Twenty-seven contestants in the cup for Majaheim camels alone were disqualified for having stretched body parts and 16 were ejected for having received injections, according to SPA.

The organisers of the pageant, the Camel Club, were cited as saying that they were "keen to halt all acts of tampering and deception in the beautification of camels" and promising to "impose strict penalties on manipulators".

They described how Botox was injected into camels' lips, noses, jaws and other parts of their heads to relax muscles; collagen fillers were used to make their lips and noses bigger; and hormones were given to boost muscle growth.

Rubber bands were also used on animals to make body parts bigger than normal by restricting the flow of blood, they said.
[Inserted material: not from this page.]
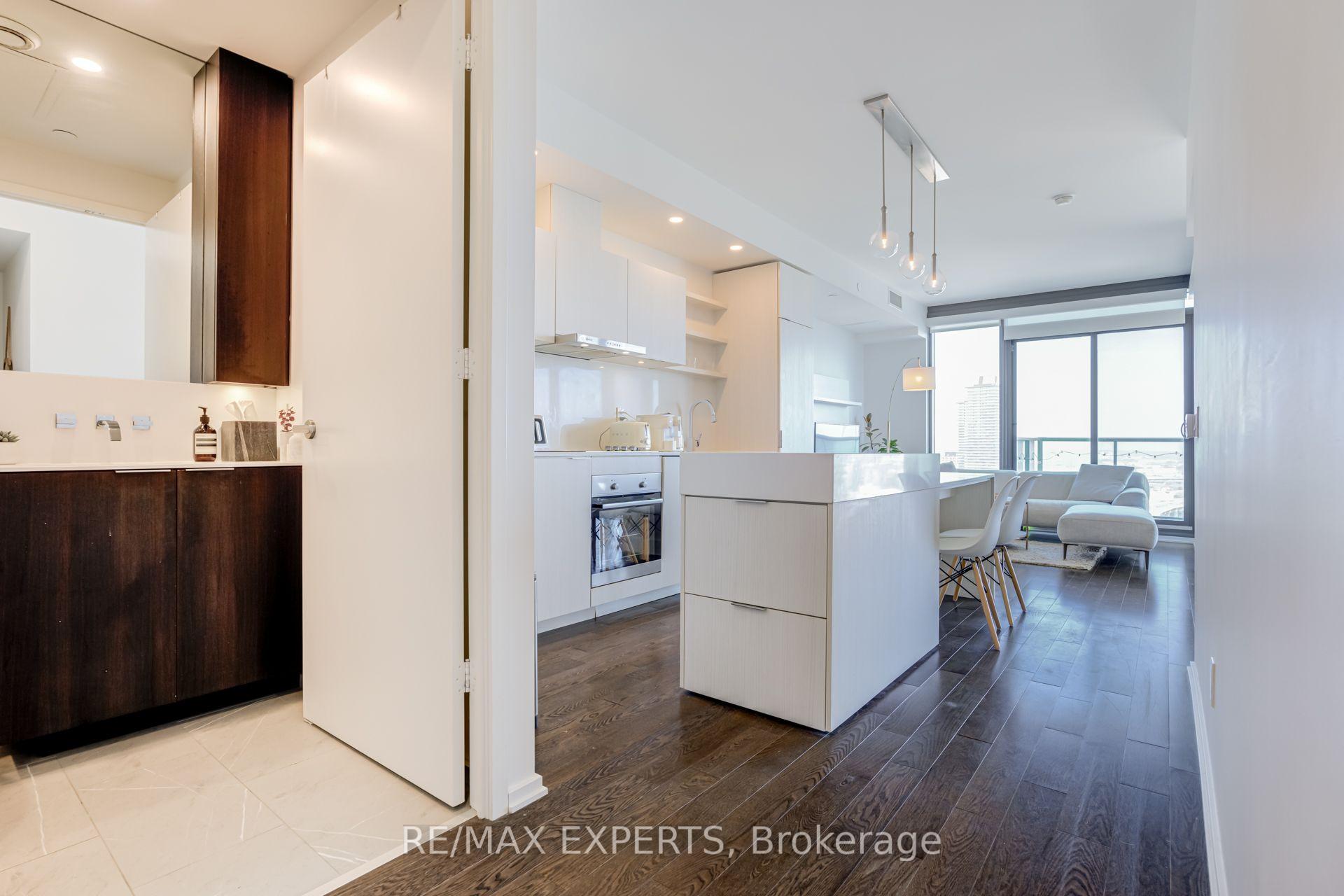 Photo 5 of Unit 1806, 16 Bonnycastle Street, Toronto, Waterfront Communities — HOMEH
Jason Baker, senior vice-president of animal rights group Peta Asia, described the beauty contest as a "cruel farce".

"Subjecting any animal to a cosmetic procedure, from ear cropping to declawing, dehorning, and filler injections, is hideously cruel and shows the humans who use such tactics to be extremely ugly," he said.

Mr Baker said animal welfare issues needed to be addressed throughout the Middle East and Asia, and called on Saudi authorities to crack down on any event that exploits or abuses animals.

Some 33,000 camel owners from as far away as the US, Russia and France are participating in the King Abdulaziz Camel Festival, which is the largest in the world and lasts 40 days.

As many as 100,000 tourists are also expected daily at the 32 sq km (12 sq mile) festival site, 100km (62 miles) north-east of the Saudi capital Riyadh.